In the months ahead, as I show journalists examples of excellent reporting, I will use a story that CNN’s senior international correspondent Ivan Watson filed this week.

Watson and his CNN crew flew in a helicopter with the Iraqi air force and fighters with the Kurdish peshmerga to drop supplies and rescue 20 or so Iraqis from Mount Sinjar, where they had fled attacks from the Sunni extremists of the Islamic State in Iraq and Syria.

“We landed on several short occasions, and that’s where — amid this explosion of dust and chaos — these desperate civilians came racing towards the helicopter, throwing their children on board the aircraft. The crew was just trying to pull up as many people as possible,” Watson said.

Watson said in his story he worried that some of the boxes the crew had tossed out may have hit some of the rushing crowd.

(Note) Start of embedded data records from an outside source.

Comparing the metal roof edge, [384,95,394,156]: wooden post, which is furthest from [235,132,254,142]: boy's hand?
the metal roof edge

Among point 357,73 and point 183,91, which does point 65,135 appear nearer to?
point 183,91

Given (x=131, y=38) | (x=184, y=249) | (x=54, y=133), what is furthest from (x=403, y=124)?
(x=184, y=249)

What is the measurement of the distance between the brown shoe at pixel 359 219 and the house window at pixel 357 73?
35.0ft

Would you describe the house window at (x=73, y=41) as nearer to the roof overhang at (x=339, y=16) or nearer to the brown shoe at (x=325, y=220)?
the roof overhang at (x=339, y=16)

Tuesday, a day after Watson’s flight, New York Times journalist Alissa Rubin, was injured when the helicopter she was riding in crashed. Like the flight Watson was on, the Times said Rubin and a photojournalist were on a flight delivering supplies to “stranded Yazidi refugees in the Sinjar mountains of northern Iraq.” The Times said the helicopter landed upside down and the survivors “had to crawl out of the wreckage.” According to the article, one of the pilots died, Rubin had a concussion, a broken wrist and possibly fractured ribs and photojournalist Adam Ferguson suffered minor injuries. Also in the helicopter was award-winning photographer Moises Saman, who on assignment for Time. He filed photos of the crash scene. Saman said he was pinned down by some debris but escaped serious injury.

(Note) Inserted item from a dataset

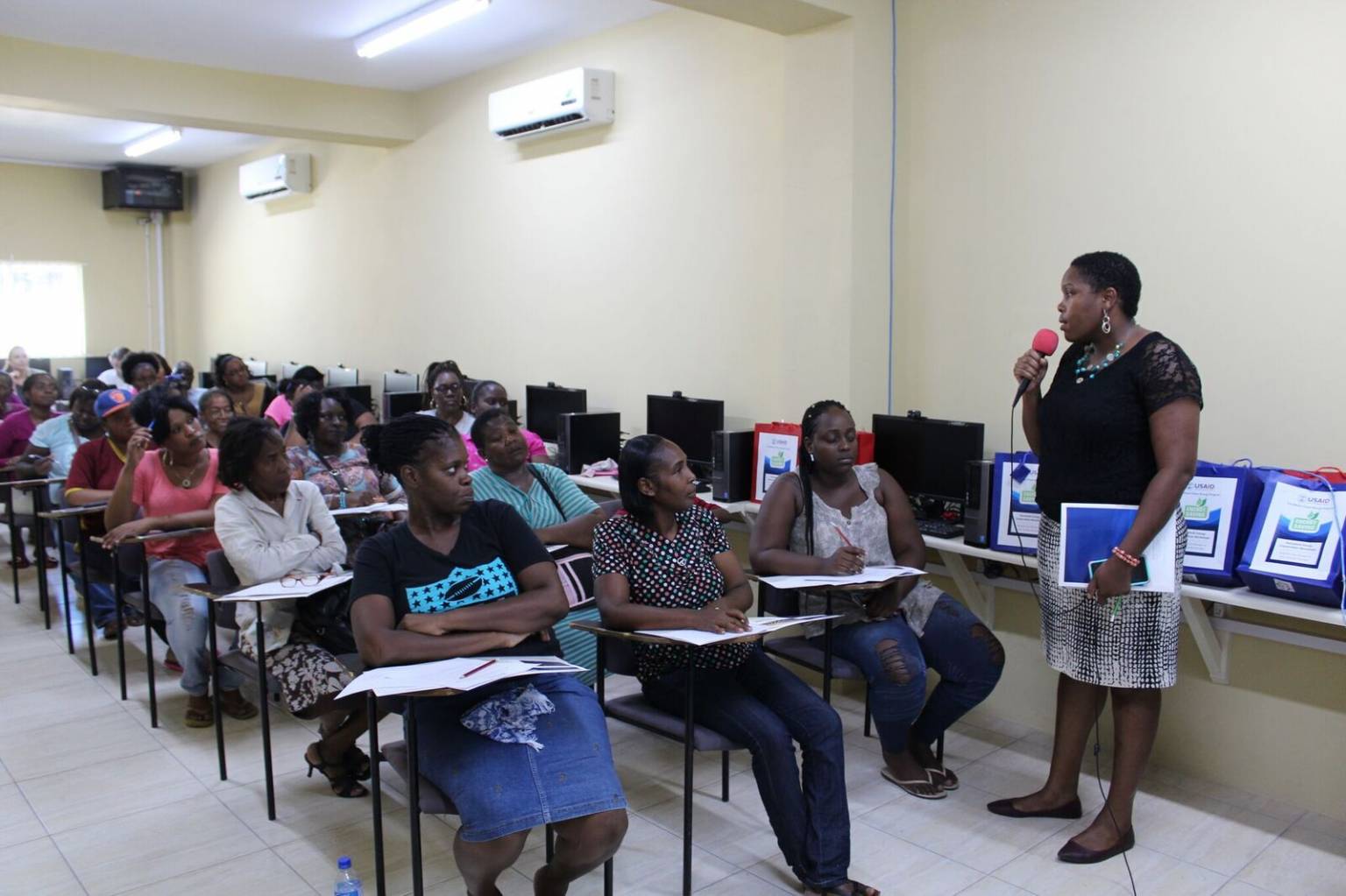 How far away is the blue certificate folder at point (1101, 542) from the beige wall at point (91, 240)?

As I watched Watson’s story, it reminded me of the iconic story filed by CBS News’ Bruce Dunning in 1975. Dunning and crew were aboard a World Airways jet that attempted to rescue women and children from Da Nang. Instead, the very soldiers who were supposed to defend South Vietnam pushed their way onto the jet. They crowded into wheel wells and clung to the rear ladder of the plane as it left the ground. Some 268 people boarded the flight. Only five were women and two or three were children. Columbia University’s Journalism School included Dunning’s report on a list of 100 “Great Stories.”  Like Ivan Watson’s reporting this week from Iraq, Dunning’s story is rich with the tiny telling details and chaotic sounds of the desperate flight.

Bruce Dunning and Ivan Watson understood that the way to make video storytelling more powerful is to “explain” the video, not “narrate” it. Dunning explained who the men were who shoved their way onto the jet. He explained the flight’s intended purpose, then he explained the reality of who got on and who didn’t. The video didn’t show that, he had to explain it.

Similarly, Watson didn’t just say one girl was crying, we can see that. He explained that she was crying because her father was left behind.

Ivan Watson didn’t stop with reporting for TV. He also captured still images and posted them on his Twitter account.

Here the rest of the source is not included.